According to the methodology for these adjustments, the goal is to weed out “periodic fluctuations associated with recurring calendar-related events such as weather, holidays, and the opening and closing of schools.”
“Seasonal adjustment removes the influence of these fluctuations and makes it easier for users to observe fundamental changes in the level of the series, particularly changes associated with general economic expansions and contractions,” the agency noted.
Works for me …
Whatever tweaks are made to this data, though, the news is unlikely to be particularly good for South Carolina. After hitting a new record low of 56.4 percent during the month of November, the twelfth and final month of 2022 saw labor participation in the Palmetto State dip even further – reaching another new record low of 56.3 percent in December.
That final 2022 reading – assuming it holds – continued a free-fall in this most critical of all employment metrics.
Take a look ..
(Click to view)
As you can see on the chart above – compiled by FITSNews’ inimitable research director Jenn Wood – labor participation in South Carolina has dipped by 1.2 percent over the past six months. In other words, we are currently in the midst of the fastest, steepest decline this indicator has experienced since the immediate aftermath of the Covid-19 pandemic. Nationally, labor participation was unchanged in December from six months earlier – clocking in at 62.3 percent.
Once again, this means South Carolina is falling further behind the rest of the nation …

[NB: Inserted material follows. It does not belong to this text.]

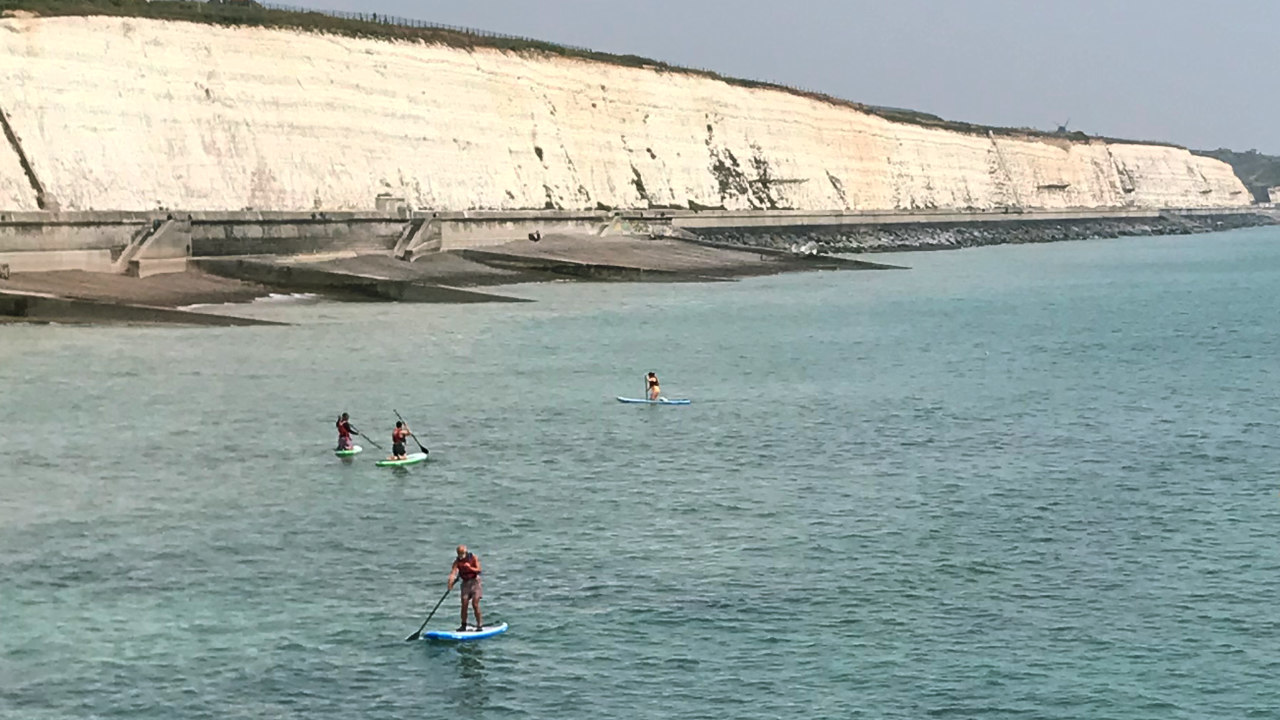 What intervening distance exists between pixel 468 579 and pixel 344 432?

Only three states – New Mexico (55.7 percent), Mississippi (54.6 percent) and West Virginia (54.8 percent) – fared worse than South Carolina on this key metric as 2022 closed.
Unlike the unemployment rate – which tracks only a segment of workers within the labor force – labor participation tracks the size of the workforce itself. That makes it a far more accurate indicator of the extent to which people are gainfully employed … or not.
Some in the mainstream press have tried to spin South Carolina’s anemic workforce totals as being due to the state having a considerably larger retiree population than most states. There is some truth to that, as an estimated 18.7 percent of the state’s population was over the age of 65 in 2020, according to U.S. Census Bureau data – ranking tenth in the nation.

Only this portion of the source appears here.